Eigentlich wollte ich ihn noch fragen, ob er vielleicht auch einen in der Tasche habe, als sich die Situation anders löste, als ich erwartet hatte. Sleepy hatte offenbar lange genug auf seine Rettung gewartet und entschieden, dass es jetzt Zeit sei, selbst die Initiative zu ergreifen. Wenn das Personal nicht fähig ist zu handeln, muss man als selbstständiger Kater auch mal eine potenziell tödliche Falle in einen Escape-Room umdeuten und es mit der daraus gewonnenen Motivation schaffen, den etwas über-proportionierten Katzenhintern durch den schmalen Spalt des Kellerfensters zu schieben. Zack, stand Sleepy auf dem Bürgersteig und schaute sich etwas verdattert um, bevor er eine Sekunde später wie ein Pfeil unter ein geparktes Auto schoss, weil ein Kind auf einem Fahrrad vorbeifuhr.
Mein mir bis dahin unbekannter Nachbar und ich starrten uns etwas perplex an, während meine Frau mit einem riesigen Schlüsselbund die Treppe herunter gehastet kam.
“Die arme Frau, die ich da gestört habe, hat mir einfach ihren ganzen Schlüsselbund in die Hand gedrückt, weil sie gerade nicht wegkann, wegen des Babys. Also, wo ist die Tür?”
Ich deutete mit der Hand um die Ecke, die Treppe hinunter.
“Da hinten, aber wir können den Schlüssel wieder rauf bringen, denn Sleepy hat sich inzwischen selbst entlassen.”
Der Nachbar zeigte auf den geparkten Fiat vor der Tür.
“Da, unterm Auto.”
ergänzte er, bevor er seine zwischenzeitlich auf dem Boden abgestellte Kiste wieder aufnahm und fröhlich die Treppen rauf stapfte.
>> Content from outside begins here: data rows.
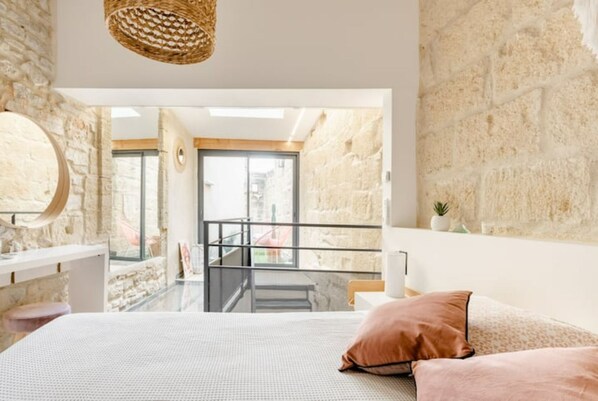 Quarto com cama, mesa de cabeceira, luminária pendente, parede de pedra e vista para o exterior.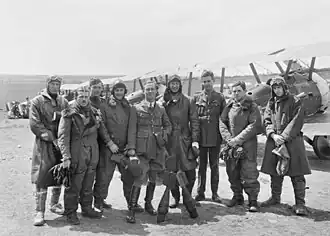 Nine men wearing a mixture of military uniforms with caps and flying suits with goggles, in front of a row of military biplanes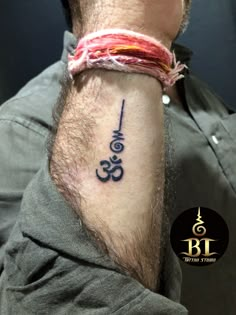 a man with a tattoo on his arm that says om shantiya in black ink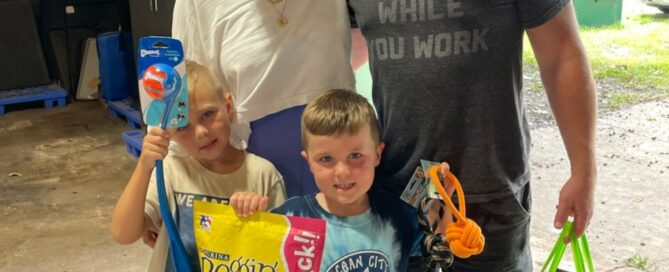 Colton holding a bag of treats with his family holding other donations.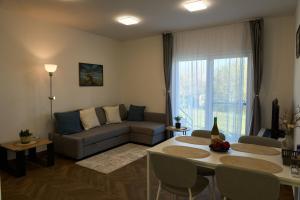 a living room with a couch and a table at Netto Apartman in Fonyód
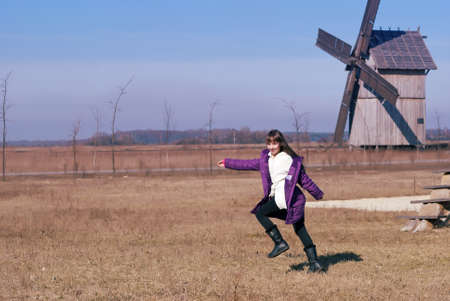 Teen girl runs across the field in the countrysideの写真素材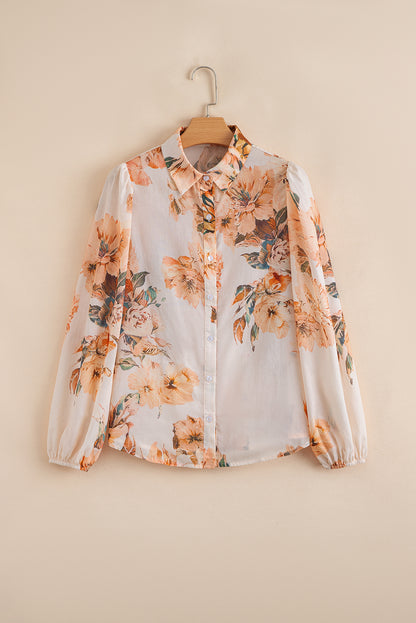 Floral blouse on a hanger against a beige background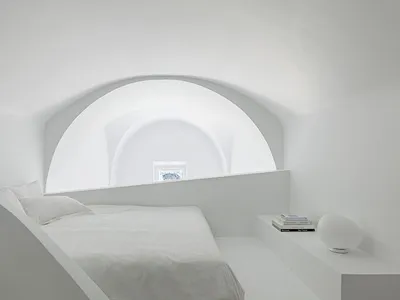 一間簡約風格的臥室，擁有白色牆面、白色床鋪與白色床頭櫃。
Wir wünschten uns einen schönen Tag, meine Frau nahm den Aufzug, um den Schlüsselbund wieder zurückzugeben und ich lockte in der Zeit Sleepy unter dem Auto hervor und brachte ihn zu einem Durchgang zwischen den Häusern, von dem aus er in die Gärten kommt, die an unseren grenzen.
Als wir fünf Minuten später die Gartentür öffneten, saß er schon davor. Wenn es ihm besonders schlecht geht, hält er eine Vorderpfote in die Luft, als könne er nicht richtig auftreten. Spannend ist, dass es nicht immer die Gleiche ist. Heute war es die Linke. Er humpelte an uns vorbei hinein in den Hausflur, schaute sich argwöhnisch um und fetzte dann in einem Affenzahn die Treppe hinauf in die Wohnung zum Futternapf.
Ein Dankeschön für diese misslungene Rettungsaktion können wir uns wohl abschminken.